The Notebook Process node in Syntasa App Studio enables you to take a Jupyter Notebook developed in a Workspace and run it as a production-grade, scheduled component within a data pipeline. This article provides a professional, end-to-end walkthrough for configuring, parameterizing, executing, and monitoring a Notebook Process.
Prerequisites
Before you begin, ensure that the following are in place:
- A Notebook Workspace has been created.
- A Jupyter Notebook file (
.ipynb) exists in that workspace. - A Syntasa App has been created in App Studio.
Add the Notebook Process Node
- Open your App in App Studio.
- From the left-hand palette, locate the Notebook icon under the Processes section.
- Drag and drop the Notebook icon onto the canvas.
- Click the node to open the Configuration Sidebar.
Select and Synchronize the Notebook
This step links the process node to your notebook source code and workspace context.
Workspace Selection
- Select the Workspace that contains your notebook.
- This determines both the storage context and the runtime file system used during execution.
Notebook Name
- Browse the workspace directory and select the target Notebook.
Launch Button
- Opens the selected notebook in a new JupyterLab tab.
- Useful for quick edits or verification without leaving App Studio.
Refresh Button
- Re-scans the notebook file.
- Updates metadata and parameter definitions in the UI after any notebook changes.
Configure Parameters (Parameters Preview)
Syntasa uses Papermill-style parameterization to inject runtime values into notebooks.
In JupyterLab
- Add a cell tagged exactly as
parameters(lowercase). - Define default values, for example:
batch_id = "default" process_date = "1970-01-01"
In App Studio
- Navigate to the Parameters section of the configuration sidebar.
- The system displays a Preview of all variables detected in the tagged cell.
Override Values
- Map notebook parameters to App-level or system variables.
- Example:
process_date = {{process_date}}Troubleshooting
- If parameters do not appear:
- Verify the cell tag is
parameters(lowercase). - Click Refresh in the configuration panel.
- Verify the cell tag is
Runtime and Infrastructure Settings
Define the execution environment for the notebook.
Runtime
- Choose the appropriate Python or Spark runtime.

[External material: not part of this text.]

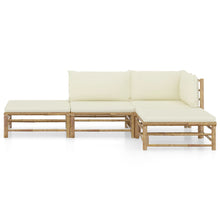 4-Delige Loungeset Met Witte Kussens Bamboe Crème hoek + midden + voetensteun + Tafel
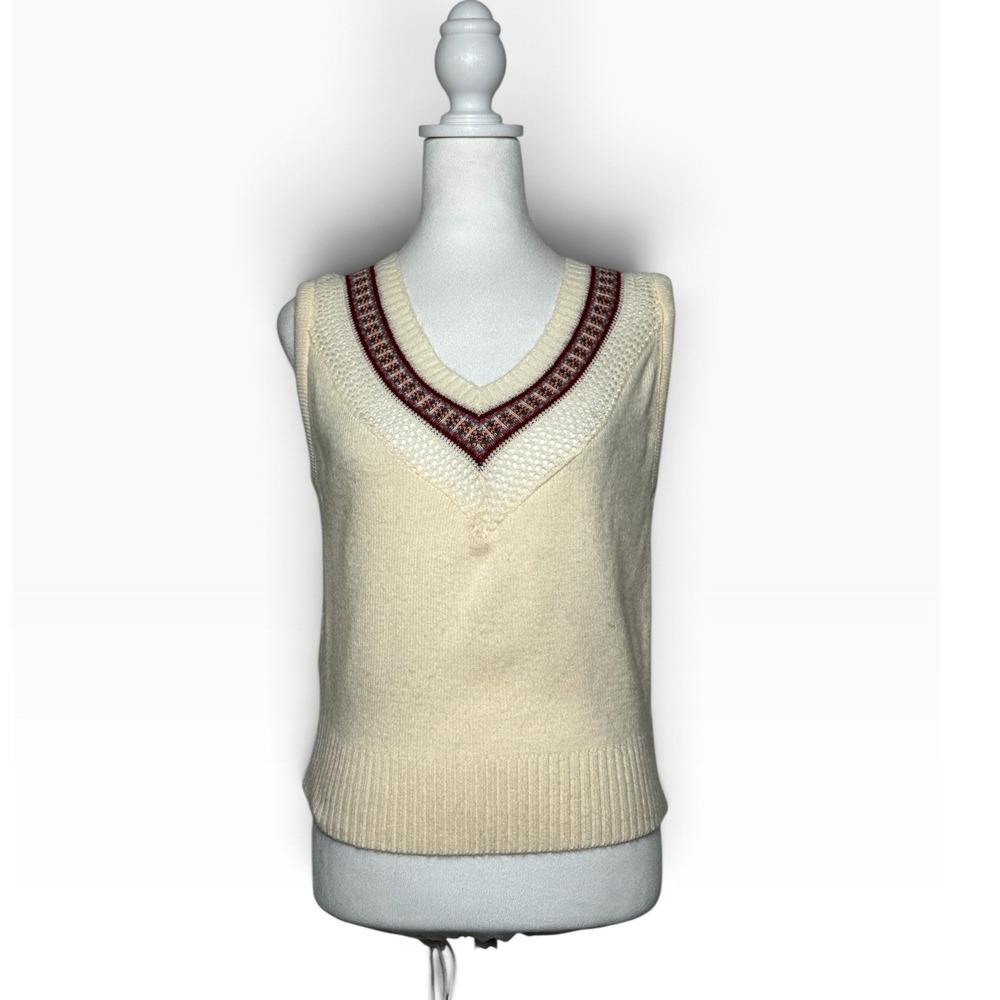 Vintage Western V-Neck Knit Sweater Vest Cream Fair Isle Trim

- Ensure it matches the libraries and framework versions required by your code.
Compute Profile
- Configure CPU and memory allocation.
- For Spark workloads, ensure adequate Driver and Executor memory based on data volume.
Environment Variables
- Add key-value pairs such as:
LOG_LEVELAPI_ENDPOINTENV
These variables are injected into the runtime environment during execution.
Define Outputs
A Notebook Process produces two primary output types.
Data Outputs
- If your notebook writes data to a table or file path, register that location as an Output Dataset.
- This enables downstream nodes to detect data readiness and establish dependencies.
Executed Notebook Artifact
- By default, Syntasa saves a copy of the notebook after execution, including:
- Cell outputs
- Logs
- Charts and visualizations
- Configure the storage path for this artifact in the Output tab.
Scheduling and Triggering Execution
Notebook Processes participate fully in App orchestration.
Connect Dependencies
- Draw a connector from upstream nodes (for example, Crawlers or Event Stores) to the Notebook Process.
- The notebook will execute only after upstream dependencies complete successfully.
Configure Schedule
- Open App Settings.
- Define triggers such as:
- Hourly
- Daily
- Weekly
- Event-based
Deploy
- Click Build and Deploy to activate the pipeline.
Monitoring and Troubleshooting
App Monitor
- View real-time execution status in the Monitor tab.
Logs
- Click the Notebook Process node in Monitor view to access:
- Python tracebacks
- Spark driver and executor logs
Executed Notebook Review
- Download or open the executed notebook to inspect:
- Failed cells
- Intermediate outputs
- Runtime parameters
This is often the fastest way to identify logic or data issues.
Summary of Key UI Actions
| Action | Purpose |
|---|---|
| Launch | Opens JupyterLab to edit the source notebook. |
| Refresh | Synchronizes App Studio with the latest notebook changes and parameters. |
| Preview | Displays variables detected in the parameters cell. |
| Output Path | Defines where the executed notebook snapshot is stored. |
Conclusion
The Notebook Process node bridges interactive data science development and production-grade orchestration. By carefully configuring workspace linkage, parameters, runtime resources, outputs, and schedules, teams can reliably operationalize notebooks as scalable and auditable components of enterprise data pipelines.